Available data below:

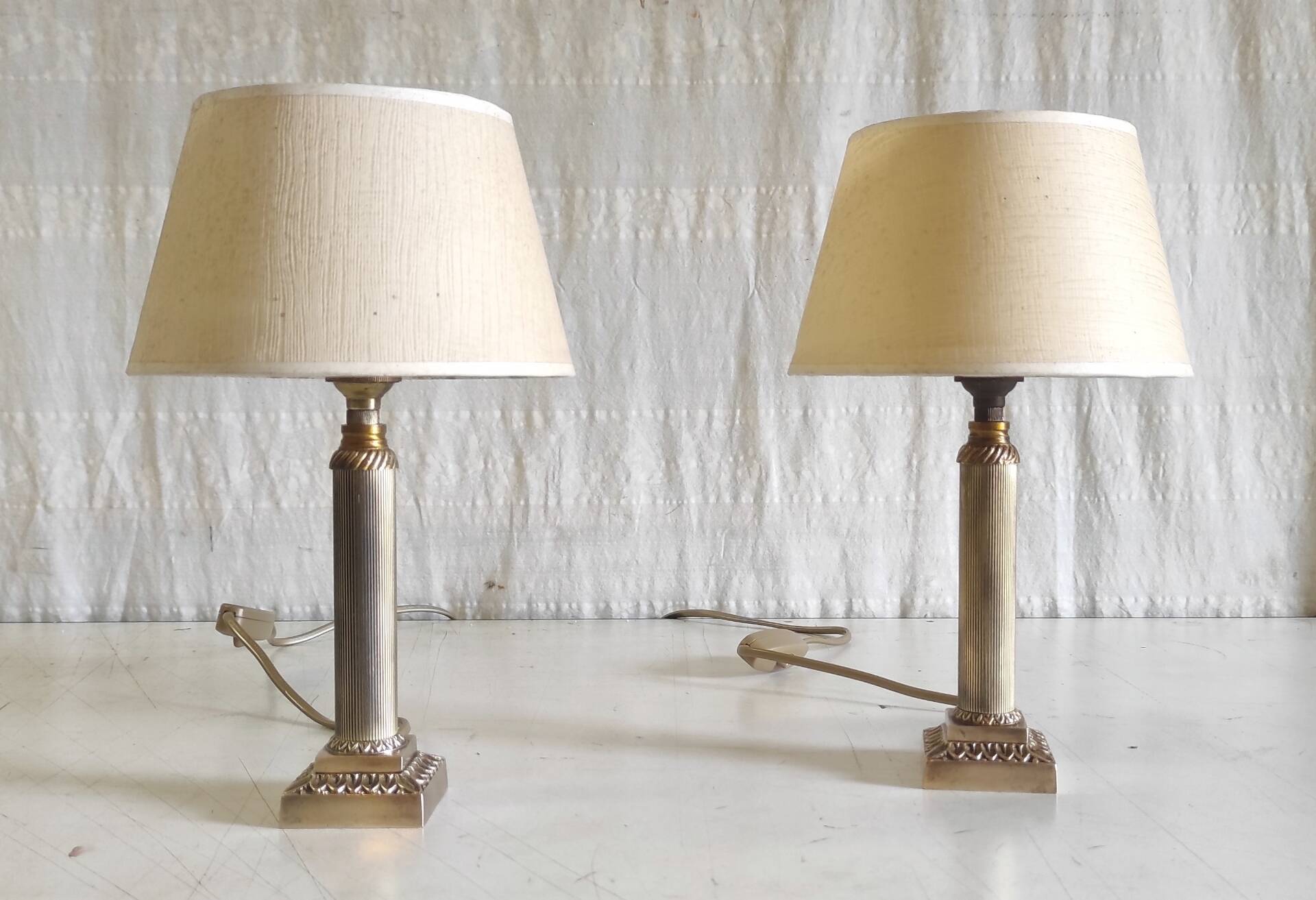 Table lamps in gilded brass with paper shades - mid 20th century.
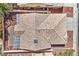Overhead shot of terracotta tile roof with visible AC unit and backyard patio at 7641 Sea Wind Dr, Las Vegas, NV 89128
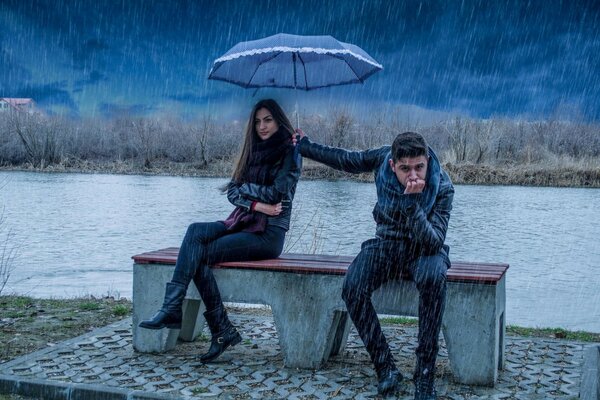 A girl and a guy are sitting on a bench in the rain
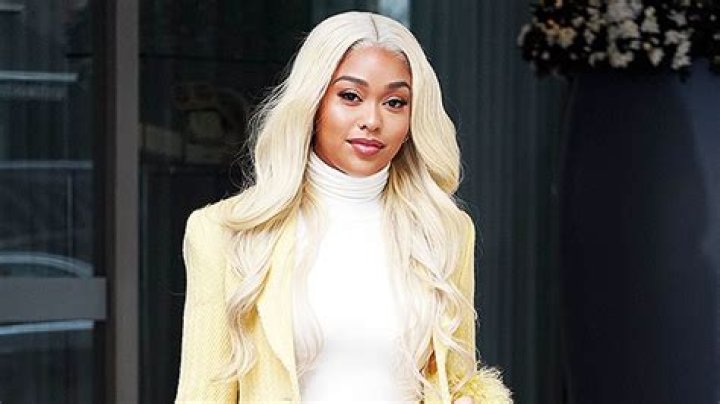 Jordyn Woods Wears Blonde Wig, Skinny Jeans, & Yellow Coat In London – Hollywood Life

End of Available data.
Available data below:

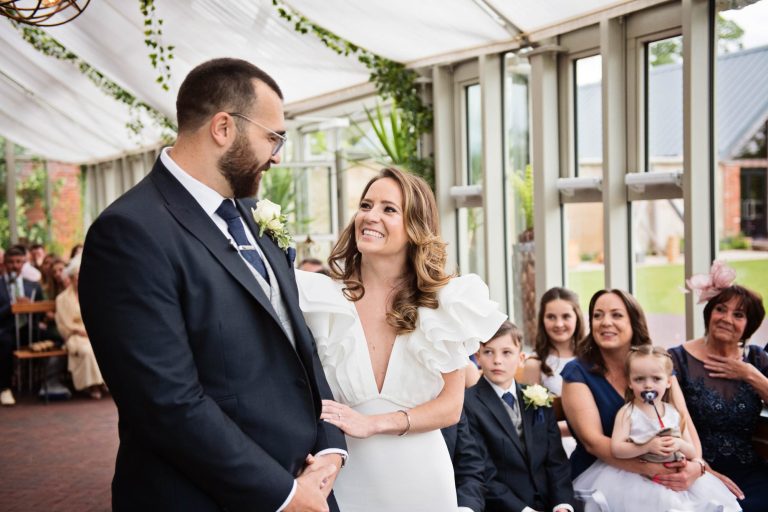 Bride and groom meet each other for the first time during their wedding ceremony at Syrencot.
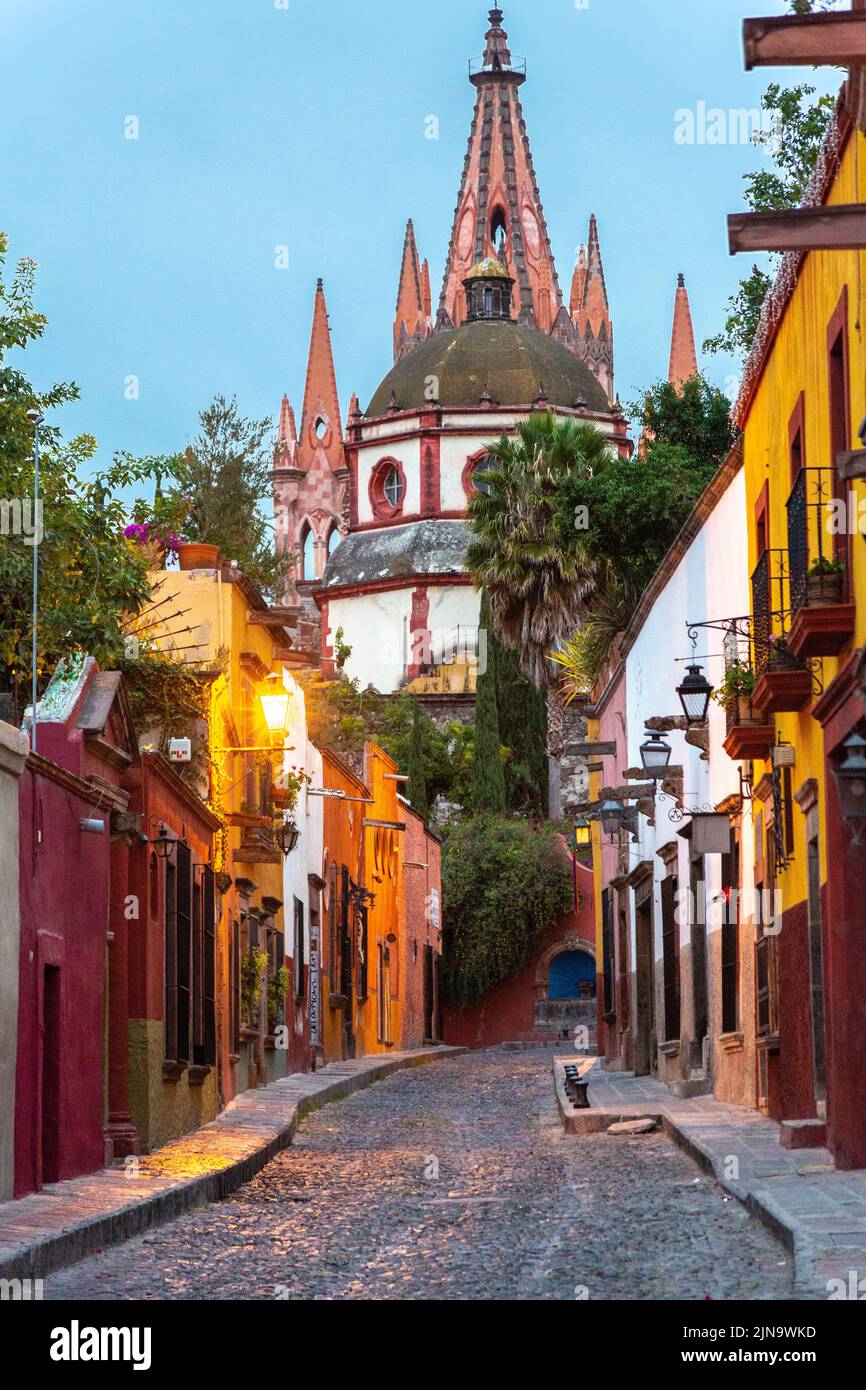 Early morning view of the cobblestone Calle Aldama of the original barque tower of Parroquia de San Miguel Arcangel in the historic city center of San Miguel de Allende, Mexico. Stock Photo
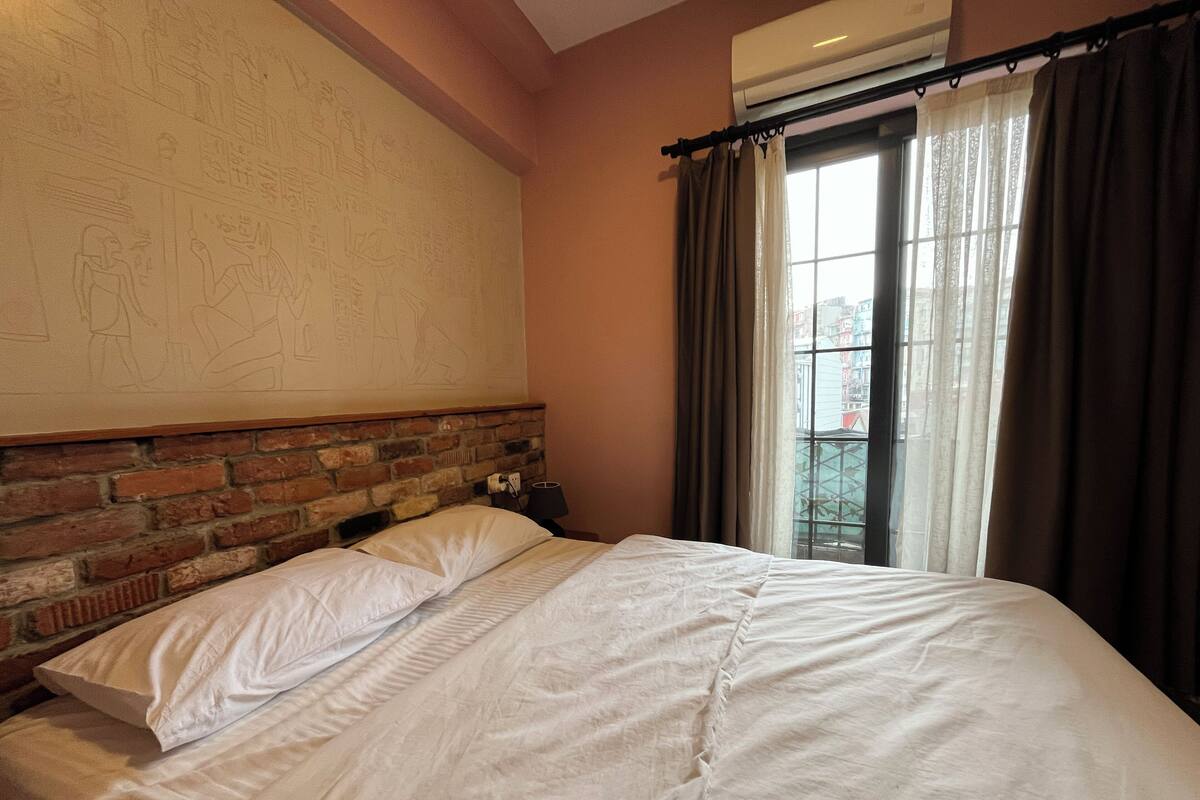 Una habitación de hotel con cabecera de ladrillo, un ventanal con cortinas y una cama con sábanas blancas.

End of Available data.
Available data below:

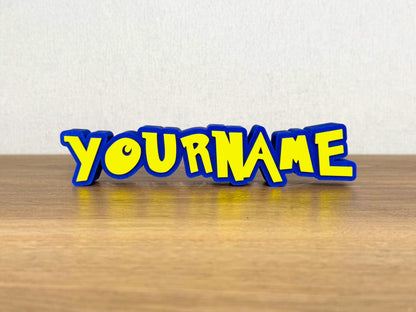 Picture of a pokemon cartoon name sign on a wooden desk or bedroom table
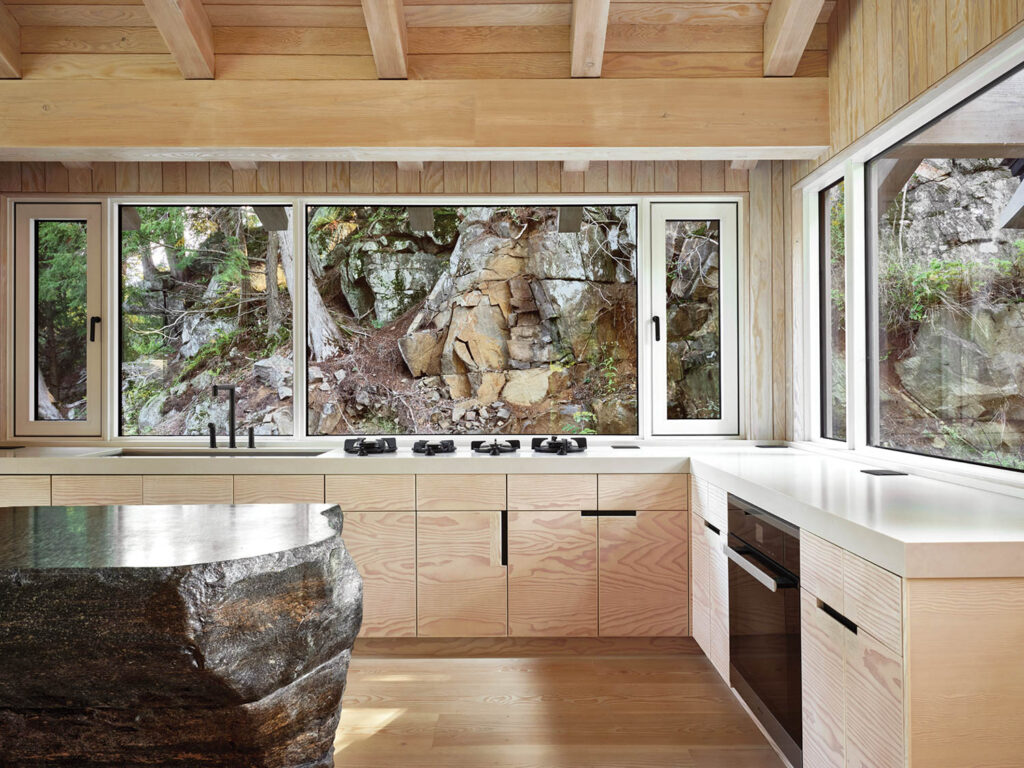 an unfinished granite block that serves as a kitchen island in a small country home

End of Available data.

# Work instructions:
All lines above starting at the one with "Table lamps in" and ending at the one with "Jordyn Woods Wears", inclusive, are to be printed again exactly, with the pictures left out.

# Answer below:
 Table lamps in gilded brass with paper shades - mid 20th century.
Overhead shot of terracotta tile roof with visible AC unit and backyard patio at 7641 Sea Wind Dr, Las Vegas, NV 89128
 A girl and a guy are sitting on a bench in the rain
 Jordyn Woods Wears Blonde Wig, Skinny Jeans, & Yellow Coat In London – Hollywood Life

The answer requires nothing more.